SCA Sherpas to the Rescue (in 1978!)

by Lou Lunte, SCA alumnus

Lou Lunte has spent his career in the environmental field and for the past 30 years has been deputy state director of The Nature Conservancy in Boise, Idaho. In April, he returned to SCA to serve on our Alumni Council. This is just one of his many SCA stories…

Susan and I were looking at maps in the Olympic National Park Visitor Center when Phil, our crew leader, came up and urgently asked us to meet him at the van. He rushed out to round up the rest of the crew— Jim, Jain, Glenn, and Claire – and we hurried out to meet everyone. It was just our second day together as an SCA Sherpa crew, but I could tell that whatever was going to happen next was not planned. 

We jumped in the van and were soon heading up the road to one of the Park’s major trailheads. Phil explained there had been an accident: a hiker had fallen in a difficult to access location and broken at least one leg. The Park Service rangers needed our help getting him out. 

We met the rangers at the parking lot getting their emergency gear together. It was quite a steep hike up to reach the semi-conscious hiker and then we spent more than an hour bringing him down the slope in a backcountry stretcher, trading off as we slowly descended to the parking lot and a waiting ambulance. Fortunately, the EMTs thought he’d be okay.

Wow, if this was day two of my month as a Sherpa, I wondered what the next four weeks would be like. I was not disappointed: glaciers, mountain goats, unbelievably beautiful meadows, swimming in crystal clear lakes and the Pacific Ocean.

But best of all were the incredible friendships I developed with my fellow crew members. We came from all across the country with very different life stories, but for the next month we’d sweat together, sing together, cook for each other, share stories, play games and wonder aloud about our futures.

Sure, the “carries” were often long, heavy (50-70 pounds) and in hot weather, but the scenery never disappointed. We never knew what we’d be hauling and for what purpose until we arrived at the trailhead. Most of the carries were to deliver supplies to park rangers for trail projects or to university researchers or other SCA work crews. However, I remember one carry best of all. 

We were 18 days into the month when we headed up the Dosewallips River Trail.

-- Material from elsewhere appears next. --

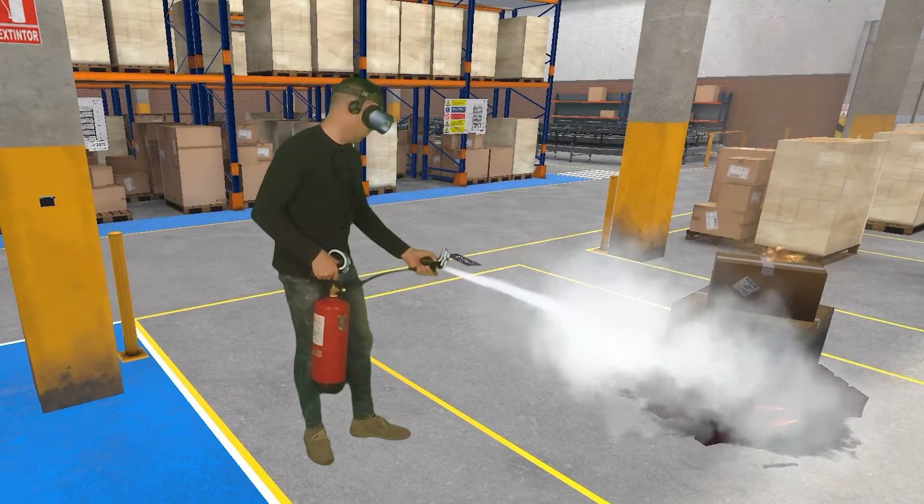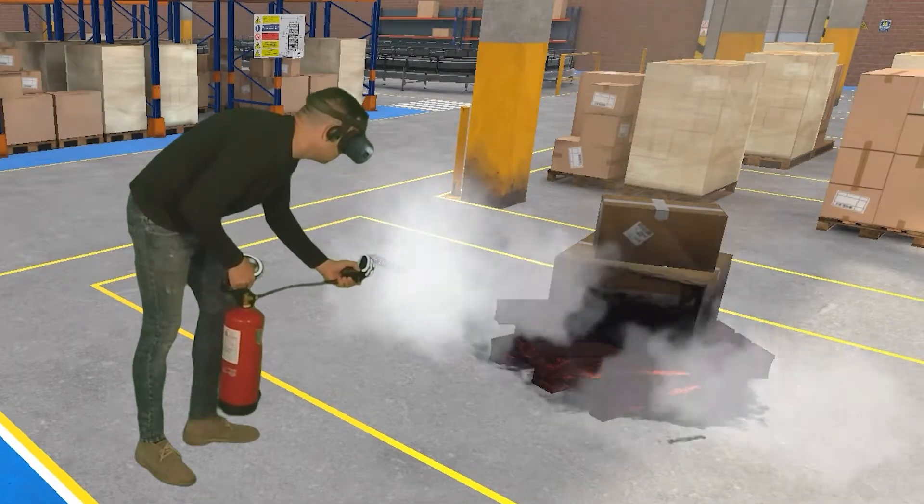Attack the fire by directing the jet to the base of the flames, sweeping the base with zigzag movements.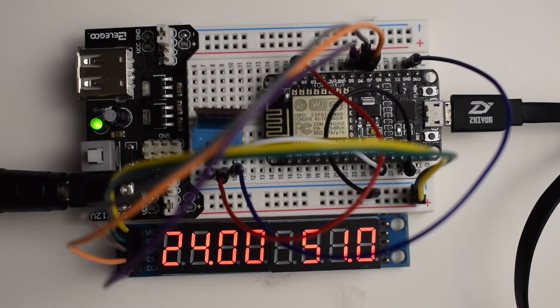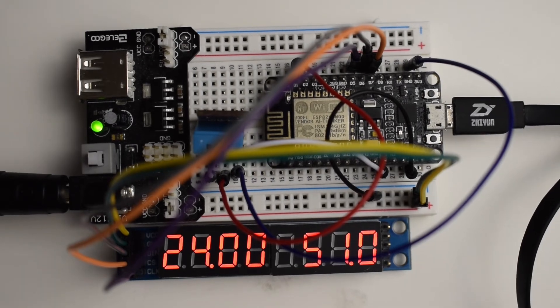Another cool thing we could do with the display would be to display time — we could synchronize with a time server and display the time or date. But I mentioned connecting multiple screens, so I'm going to connect another screen and show you how to do it. On this screen we'll keep the temperature and humidity, but on the other screen I'm going to display time.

We hiked all day to get to our base camp next to a spectacular meadow blanketed with flowers. Phil explained that evening over the campfire that we’d be moving a “bear box” tomorrow. Bear box? Yes. Made mostly of metal, the rangers use them at remote camps to store food and other belongings to keep the bears from destroying their stuff. 

Usually, the boxes are lifted in by a helicopter because they are so heavy and hard to move. Unfortunately, the pilot had dropped this bear box in the wrong meadow and we needed to move it up the valley. Good thing we were young and in good shape by then because, though only two miles, it took everything we had to move that nearly 170 pound box up a narrow trail and across several streams. Sometimes four of us would be hauling at the same time, but too often in narrow spots just two of us had to move the box. When the bear box was finally in its proper location, the rest of our carries that month seemed easy.

What an awesome July in 1978! Thank you SCA for giving me an experience of a lifetime in just a month’s time. I hope my fellow crew member’s life journeys have been amazing - I know mine has been.